Through the DuPage Animal Friends' Critical Care & Rehabilitation Fund, we help to provide hope and healing for sick animals that otherwise might not receive a second chance at life. Since the fund’s inception, we have celebrated many success stories. Here are just a few…
Mimi was surrendered to DCACC because her owners were moving and could not take her with them. After examining Mimi, it was clear that she had a major hip problem, causing her much pain. Mimi needed surgery, but first she had to lose weight. Upon reaching an ideal weight, DuPage Animal Friends paid for Mimi's life-saving surgery. It was determined by the surgeon that one of her legs needed to amputated for her to live a happy, pain-free life.
Mimi is doing amazing! Just think of all she went through: She was in a foster home for weeks, first losing the weight, then recovering from the amputation, then finally having major dental work with extractions. Through it all, this little lady never gave up!
Mimi was adopted and is now living the good life! Her new humans sent DCACC an update that she is doing very well. Here she is looking all pretty for the camera.
What's more is that Mimi has lived in pain for years and never stopped being sweet. She is finally healthy, comfortable, pain-free, and super loved!
Max and Martin
These two felines exemplify the true meaning of forgiveness. Abused by their owners, the two were surrendered to Animal Control officers who intervened after being alerted to their injuries.

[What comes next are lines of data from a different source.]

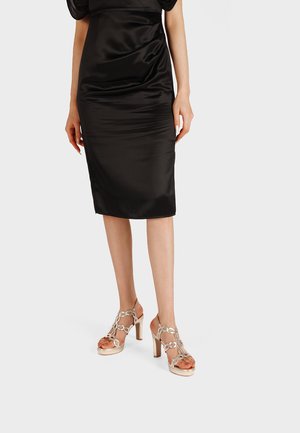 Donna che indossa una gonna a matita midi in satin nero e sandali beige con tacco alto e design con ritagli circolari, in piedi su uno sfondo bianco.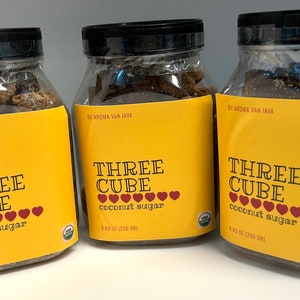 May include: Three clear plastic jars filled with dark brown coconut sugar cubes. Each jar features a yellow label with the text "THREE CUBE coconut sugar" and a row of red hearts. The labels also state "BY AROMA VAN JAVA" and "8.83 OZ (250 GR)".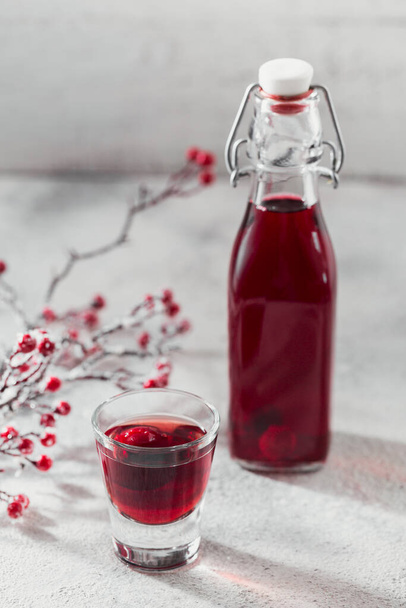 Homemade infused vodka, tincture or liqueur of red cherry - Foto, immagini
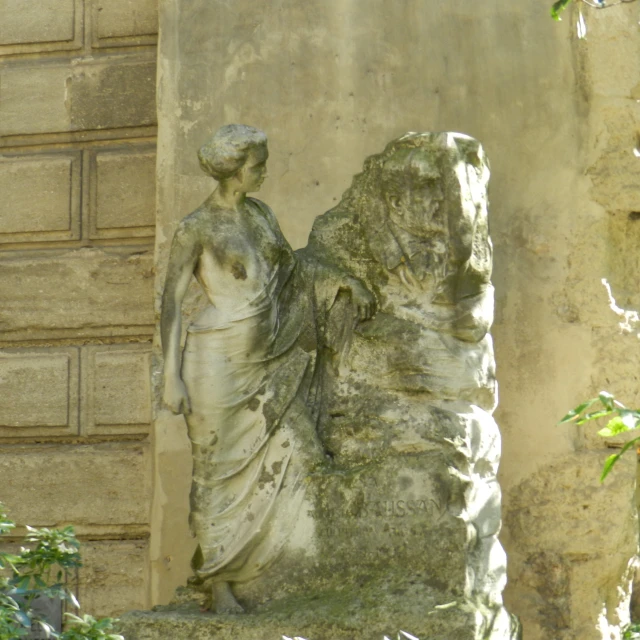 an ancient statue sitting in front of a building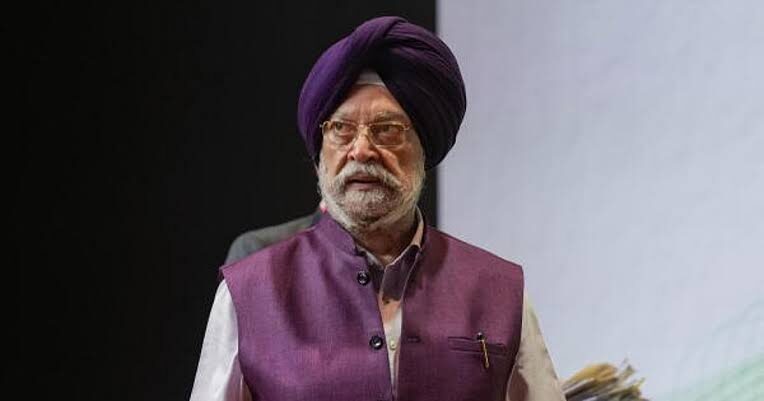 Hardeep Singh Puri in a purple turban and waistcoat walking on stage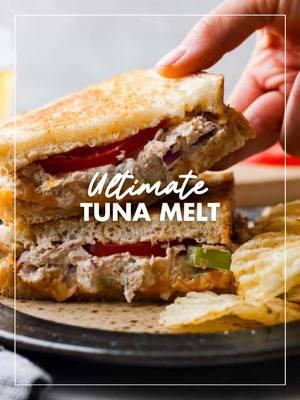 This really is the ultimate tuna melt! Ingredients: -16 ounces tuna fish, drained -1/4 cup mayonnaise -1/4 cup celery, finely chopped -1/4 cup red onion, finely chopped -1 tablespoon dijon mustard -2 tablespoons parsley, chopped -salt and pepper, to taste -16 slices bread -8 slices cheddar cheese, more if you want a layer on the bottom -tomato, sliced -1/4 cup butter, softened Full recipe linked in bio #fyp #tunamelt #disneylandrecipes #EasyRecipes #coldweatherfood #therecipecritic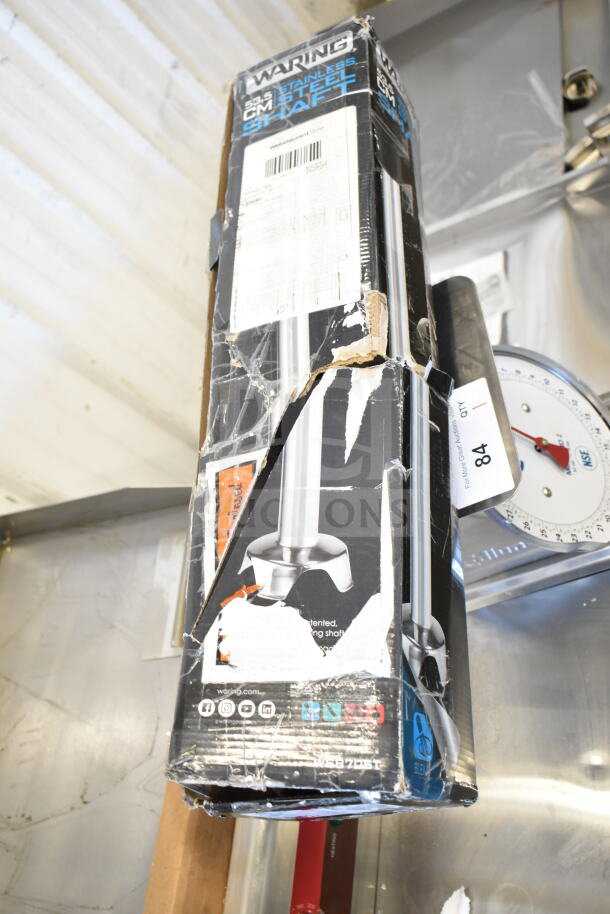 Brand new Waring WSB70ST 21" stainless steel shaft for Big Stix blenders. Box shows visible damage with scratches and dents.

Suffering from multiple broken bones and dislocations, Max and Martin underwent several corrective surgeries and long hospital stays on their road to recovering – purring through it all. DCACC and the DuPage Animal Friends joined forces to ensure these boys received all the medical attention and care needed to give them a second chance at life.
This adorable girl arrived at DCACC as a 3-month-old floppy-eared German Shepherd puppy. After being saved from the streets by the Darien Police where she was found alone in a McDonald’s parking lot, it was discovered that she was suffering from a hernia. While undergoing a procedure to correct the hernia, a severe heart murmur was also discovered. Since DCACC lacks the diagnostic equipment to diagnose the cause of the heart murmur, Raven was brought to a nearby animal hospital where further diagnostic tests were performed. Results showed Raven was suffering from a congenital heart defect that can be fatal if not surgically corrected. Like any surgery, it can be risky. But if successful, the long term prognosis very good. Through the Critical Care & Rehabilitation Fund, Raven received cutting edge surgery to correct her heard defect at Purdue University. Raven is now living the good life with her family in Wisconsin where she is enjoying her happy, healthy life on her family’s many acres of land.